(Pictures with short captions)
_ _ _

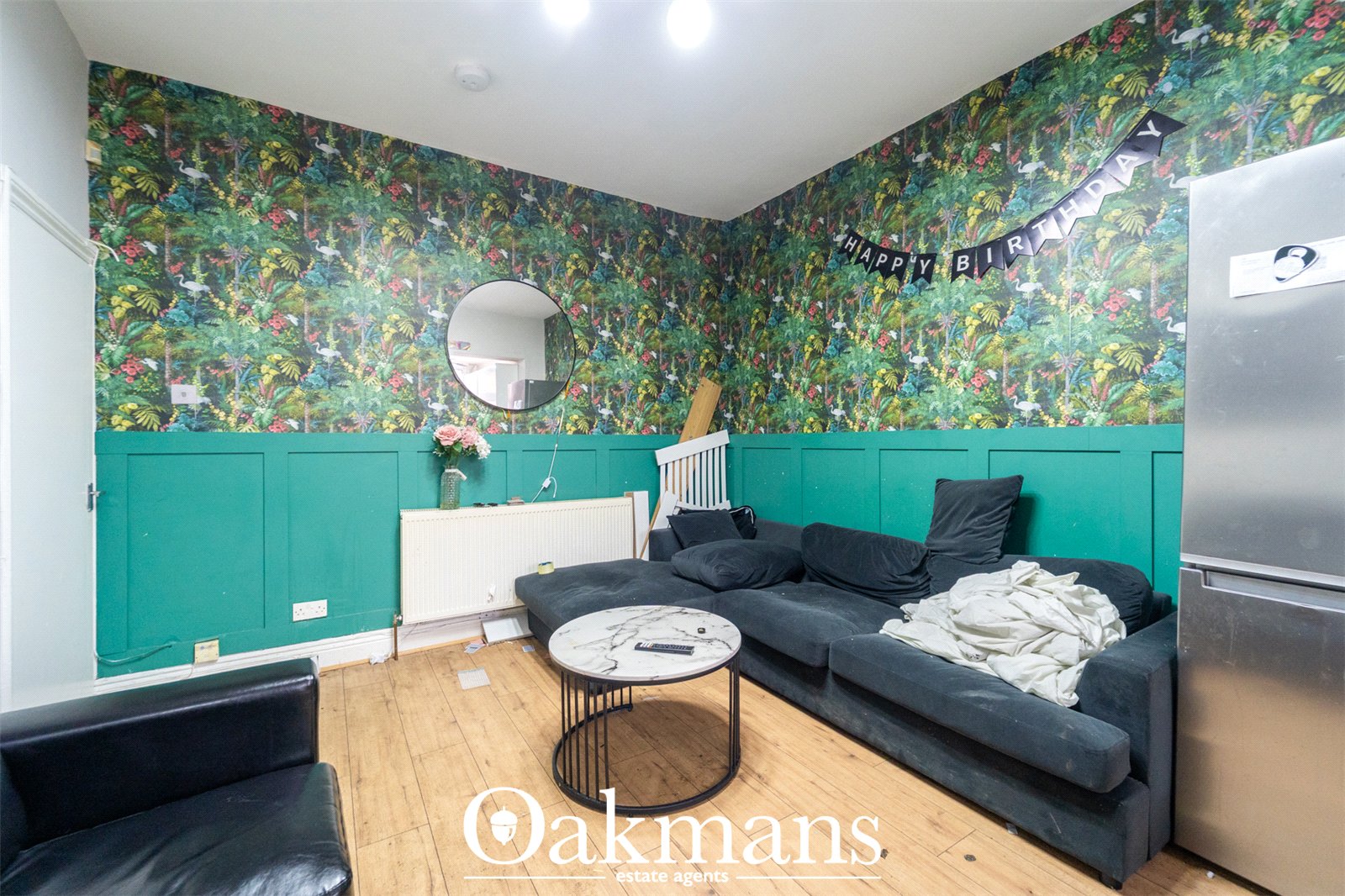 Raddlebarn Road, Birmingham, B29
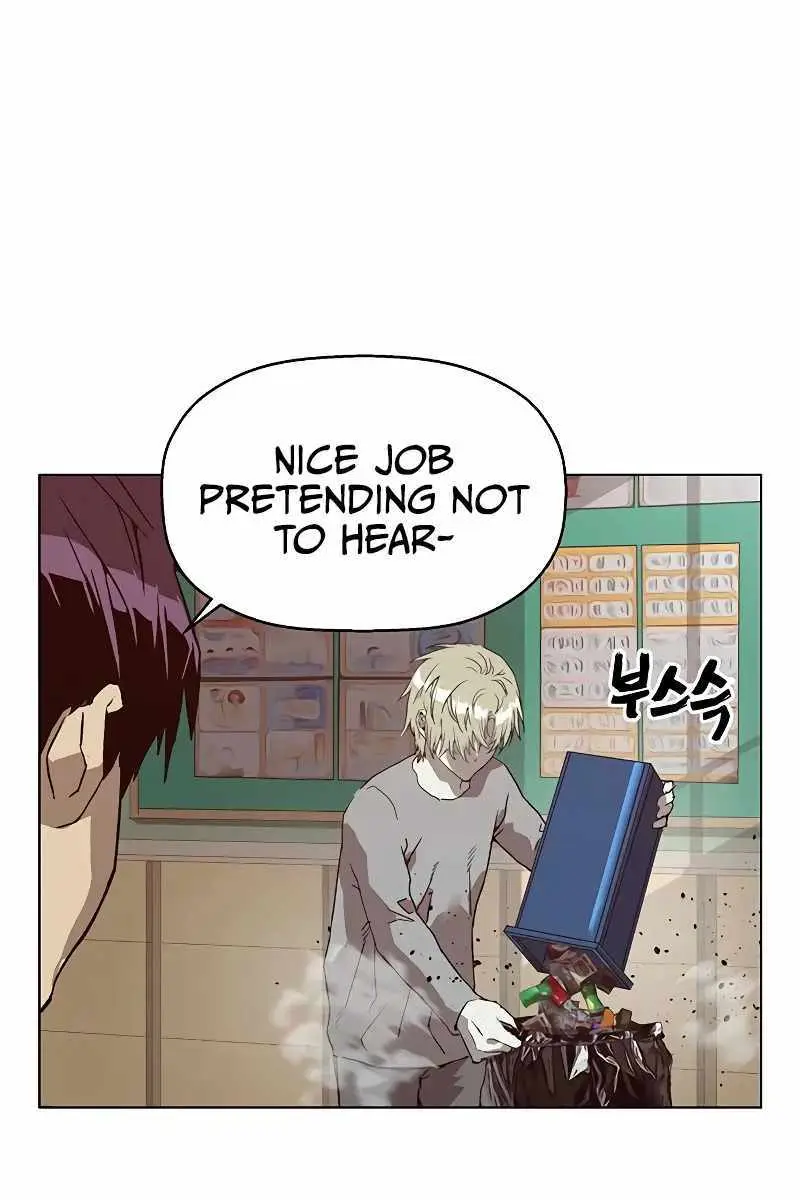 Weak Hero Chapter 259 Page 124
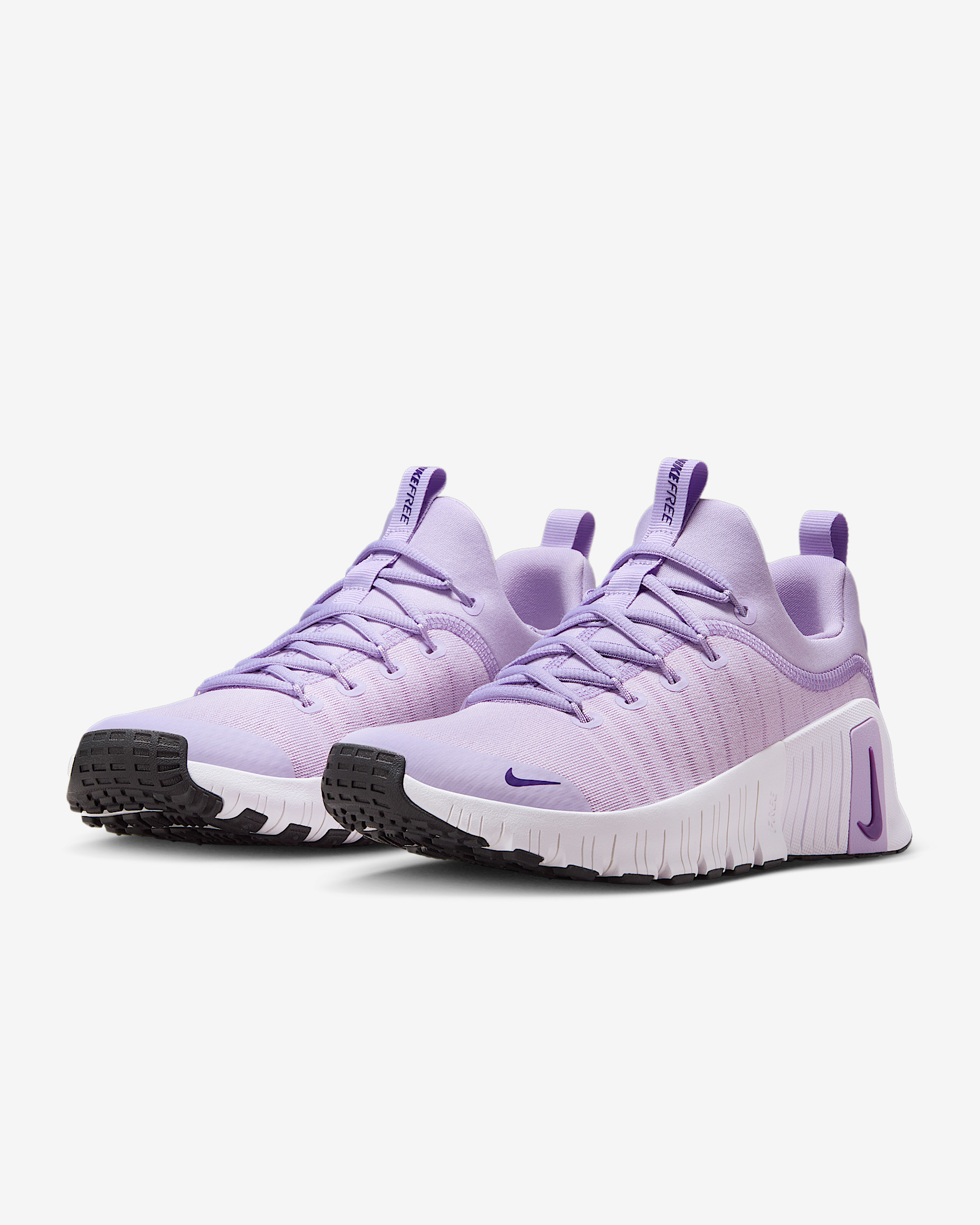Nike Free Metcon 6 Women's Workout Shoes - 5
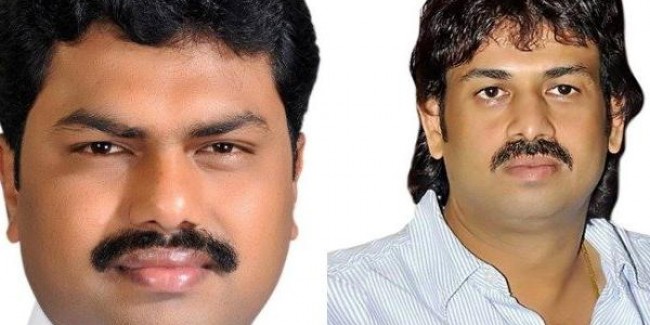 Shimoga(Karnataka) Election 2019: BJP, JD(S) field sons of former chief ministers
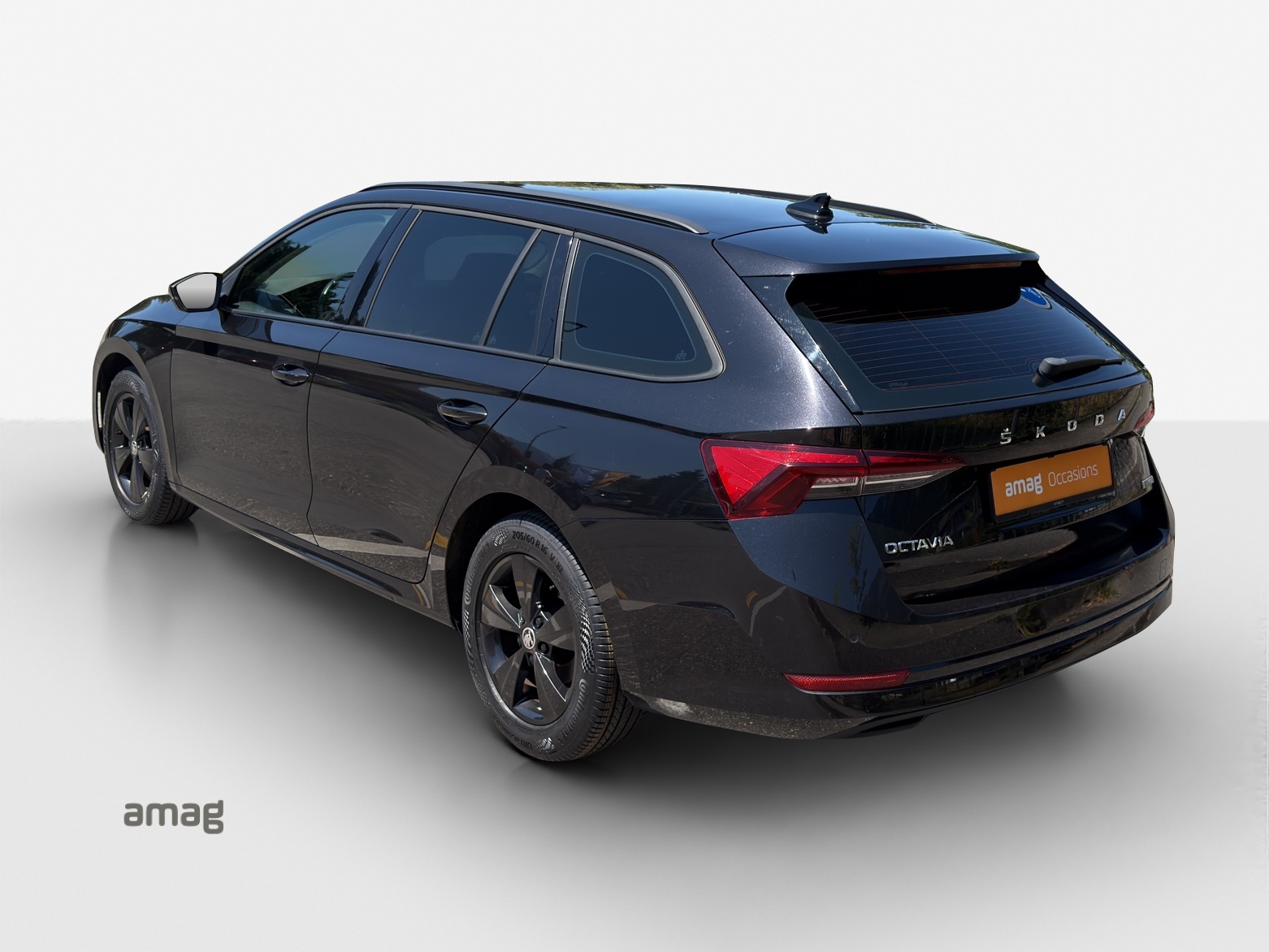 SKODA Octavia Combi 1.5 TSI mHEV DSG Style-showroom-element-2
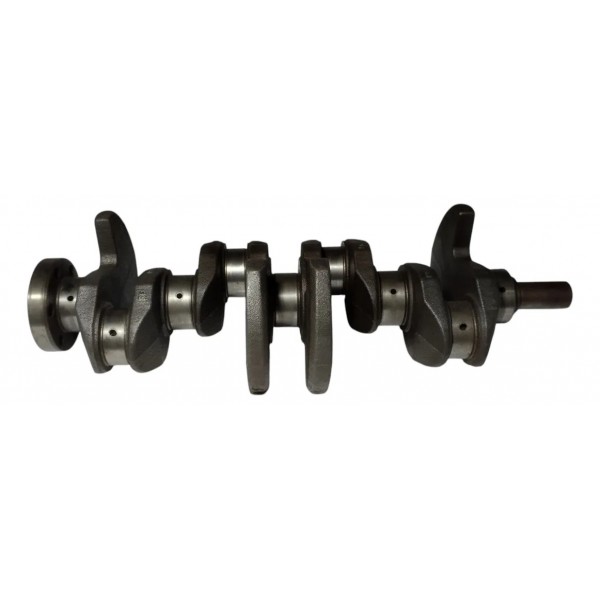 Virabrequim Motor Focus Ecosport 2.0 16v Duratec 2011 Std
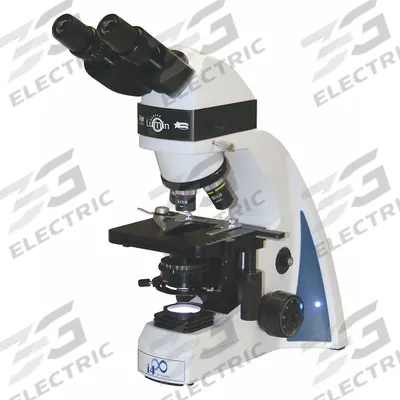 LW SCIENTIFIC Epifluorescence Microscope: Flourescence, Binocular, 40X to 1000X, Std - Fluorescence Microscopes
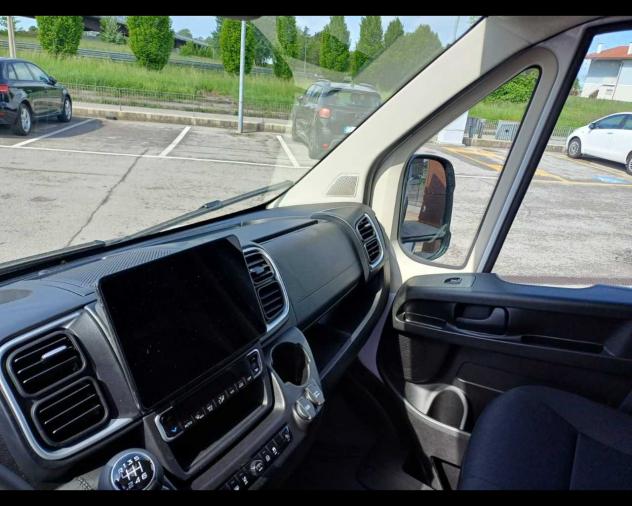 Citroën JUMPER LCV Jumper Furgone 35 L2H2 BlueHDi 140 S&S - Foto 9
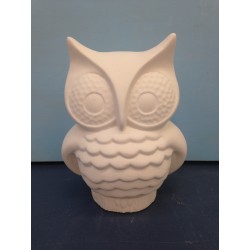 Owl Bank (BIR-8)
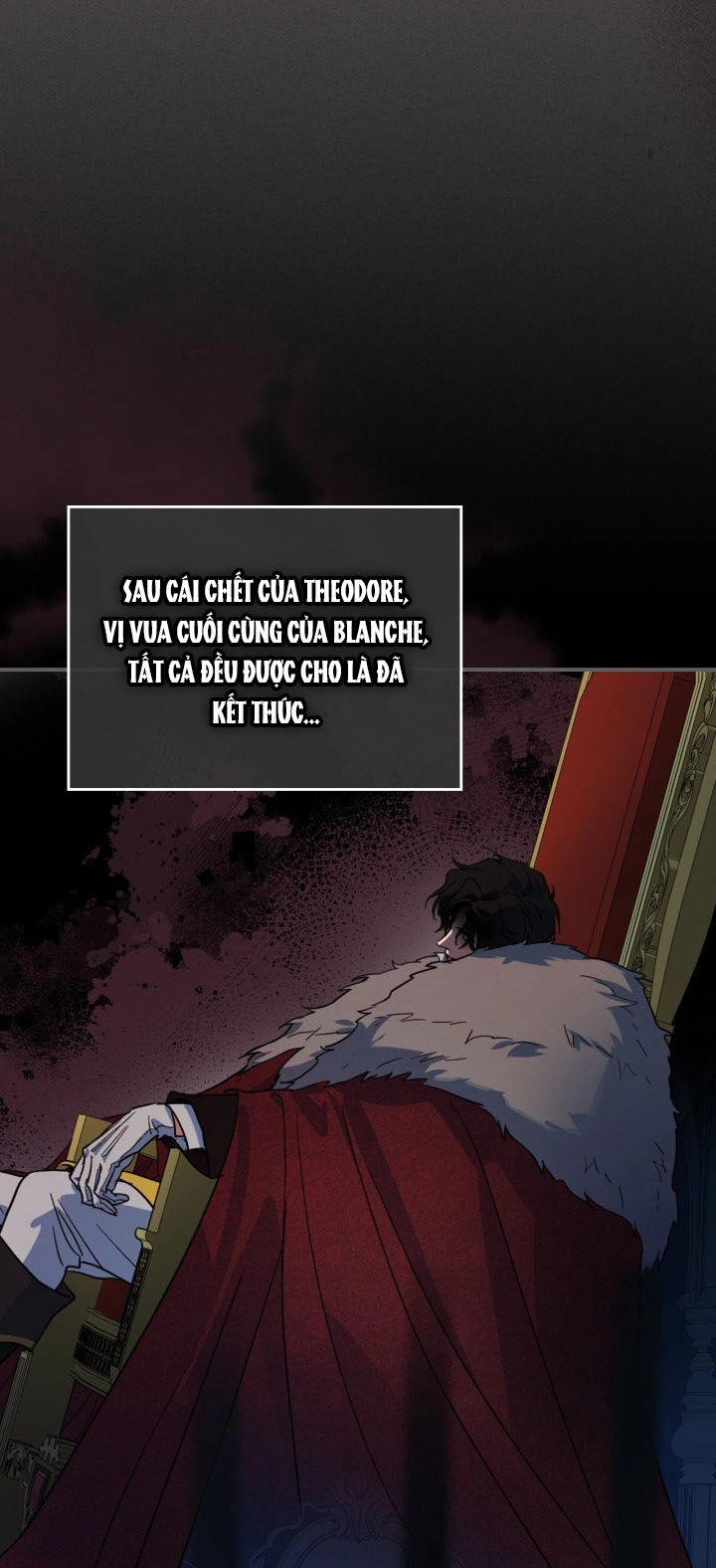 Người Đẹp Và Quái Vật Chapter 132.2 - 11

_ _ _

## Task to carry out
Would you transcribe all of the entries above exactly, minus the images?

## Reply
 Raddlebarn Road, Birmingham, B29
 Weak Hero Chapter 259 Page 124
Nike Free Metcon 6 Women's Workout Shoes - 5
 Shimoga(Karnataka) Election 2019: BJP, JD(S) field sons of former chief ministers
 SKODA Octavia Combi 1.5 TSI mHEV DSG Style-showroom-element-2
 Virabrequim Motor Focus Ecosport 2.0 16v Duratec 2011 Std
 LW SCIENTIFIC Epifluorescence Microscope: Flourescence, Binocular, 40X to 1000X, Std - Fluorescence Microscopes
 Citroën JUMPER LCV Jumper Furgone 35 L2H2 BlueHDi 140 S&S - Foto 9
 Owl Bank (BIR-8)
 Người Đẹp Và Quái Vật Chapter 132.2 - 11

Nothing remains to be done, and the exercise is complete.